#### DATASET RECORDS ####

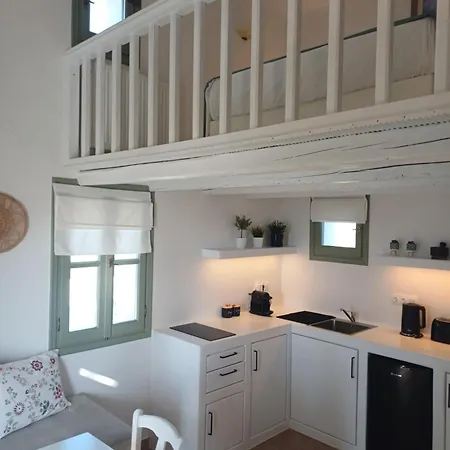 Apartmán Romantic Loft 1 Ios
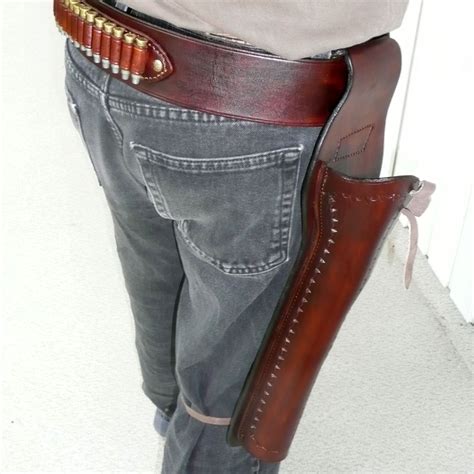 Mare’s Leg Holster – Beaver Mountain Works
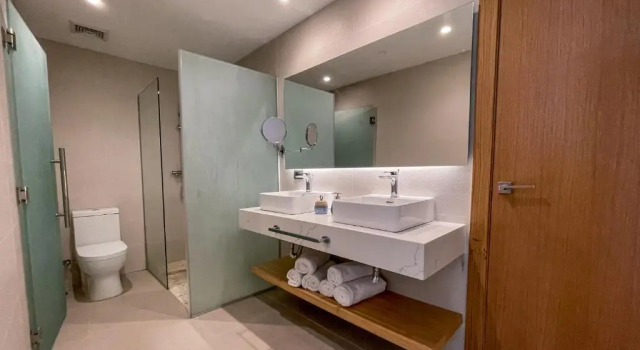Апартаменты Beach Condo Stanza Mare I 203, Los Corales, Playa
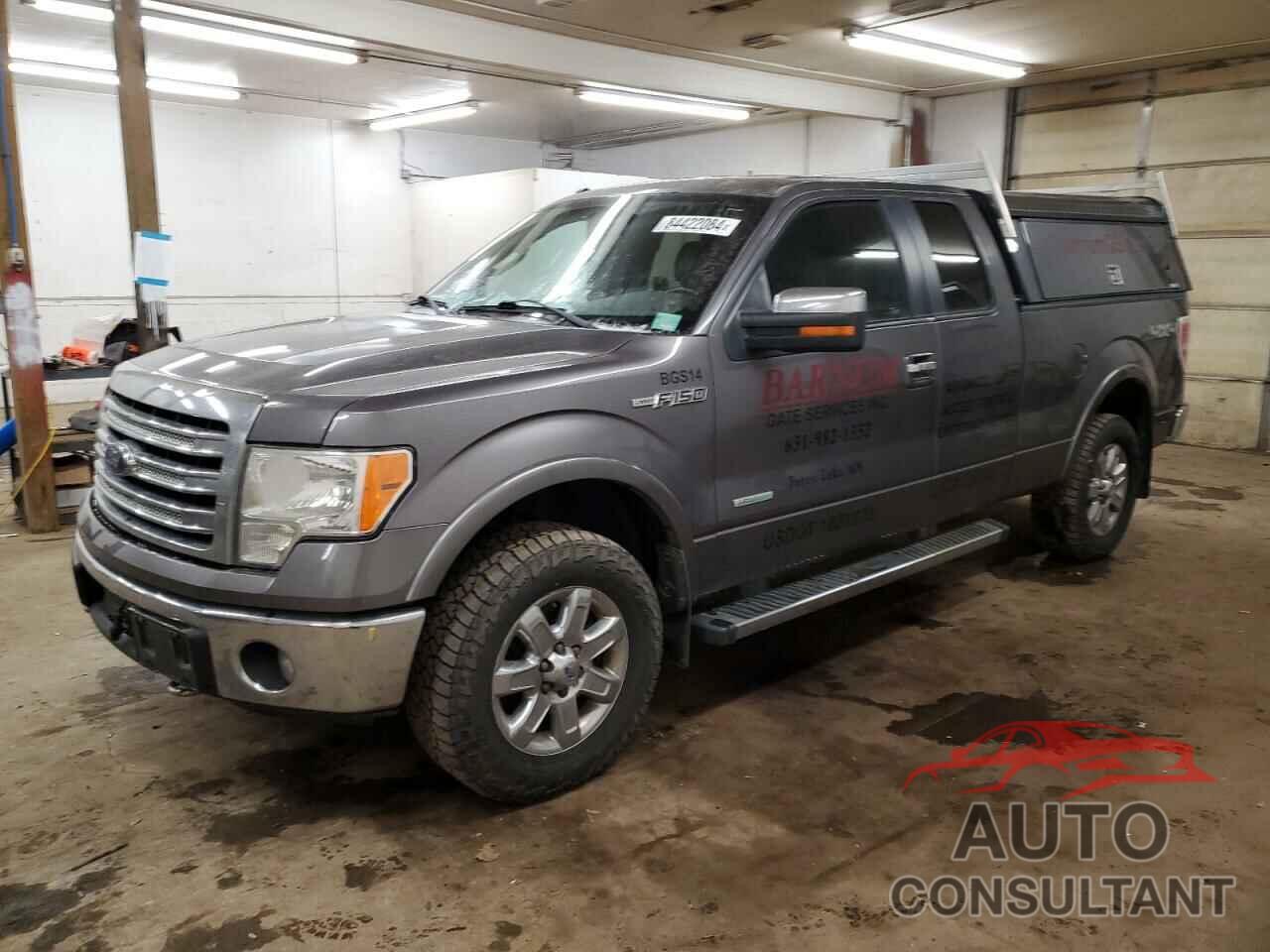 FORD F-150 2013 - 1FTFX1ET3DKF20329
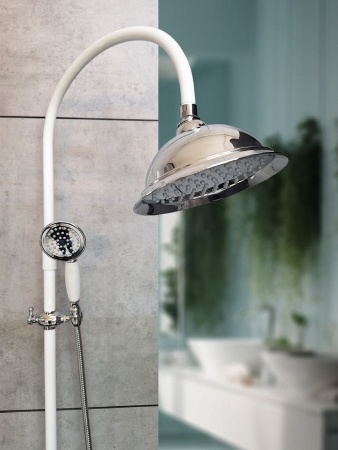 Душевая система с термостатом AltroBagno Beatrice 030405 Bi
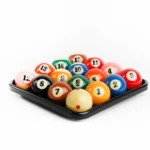 Tv Pro-cup Billiard Balls - Image 2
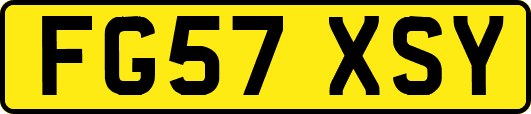 FG57XSY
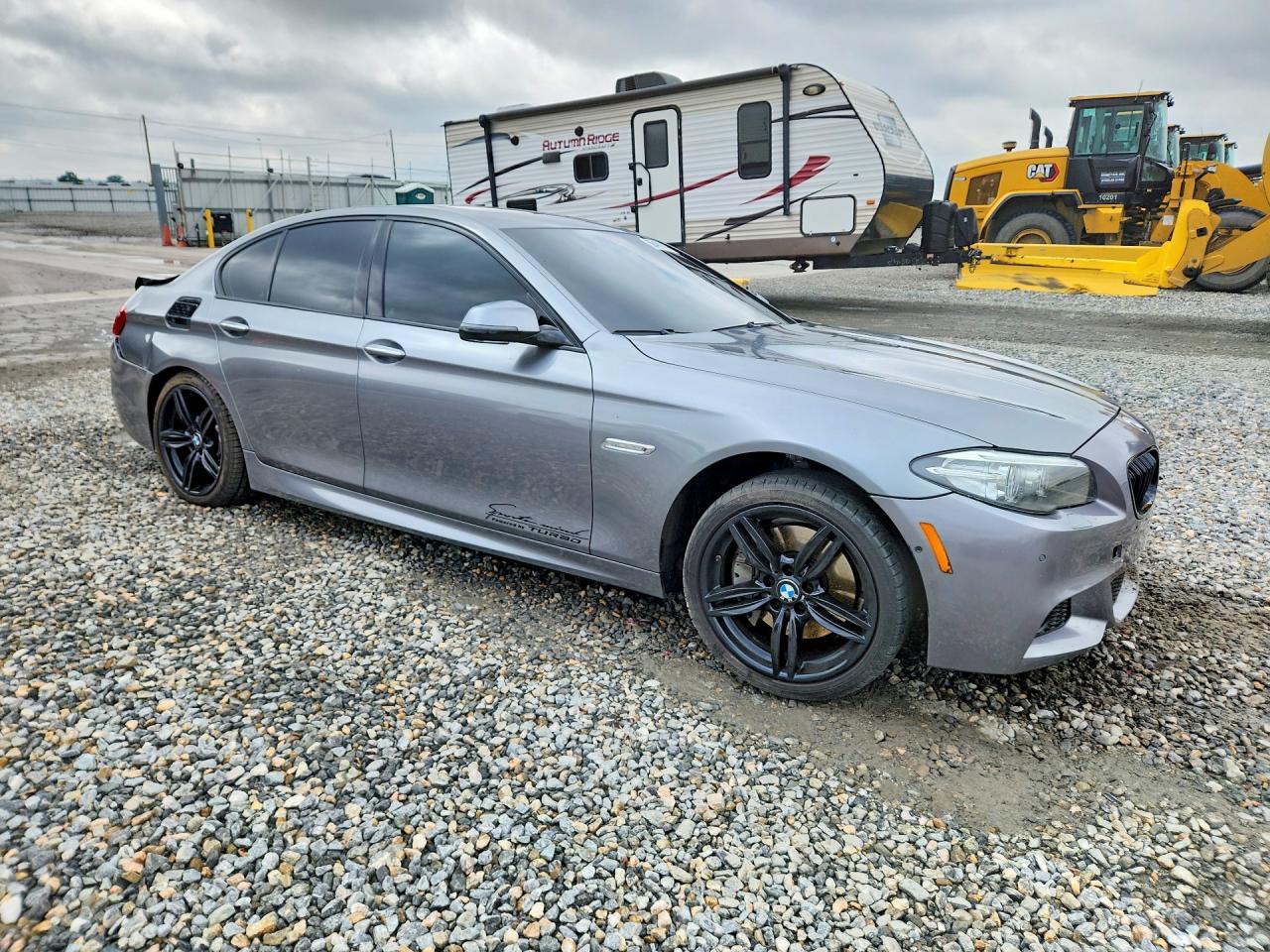 2014 BMW 5 SERIES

####

* **TASK TO CARRY OUT**: The records above should be copied word for word, with the pictures left out.

* **RESPONSE BOX**:
 Apartmán Romantic Loft 1 Ios
 Mare’s Leg Holster – Beaver Mountain Works
Апартаменты Beach Condo Stanza Mare I 203, Los Corales, Playa
 FORD F-150 2013 - 1FTFX1ET3DKF20329
 Душевая система с термостатом AltroBagno Beatrice 030405 Bi
 Tv Pro-cup Billiard Balls - Image 2
 FG57XSY
 2014 BMW 5 SERIES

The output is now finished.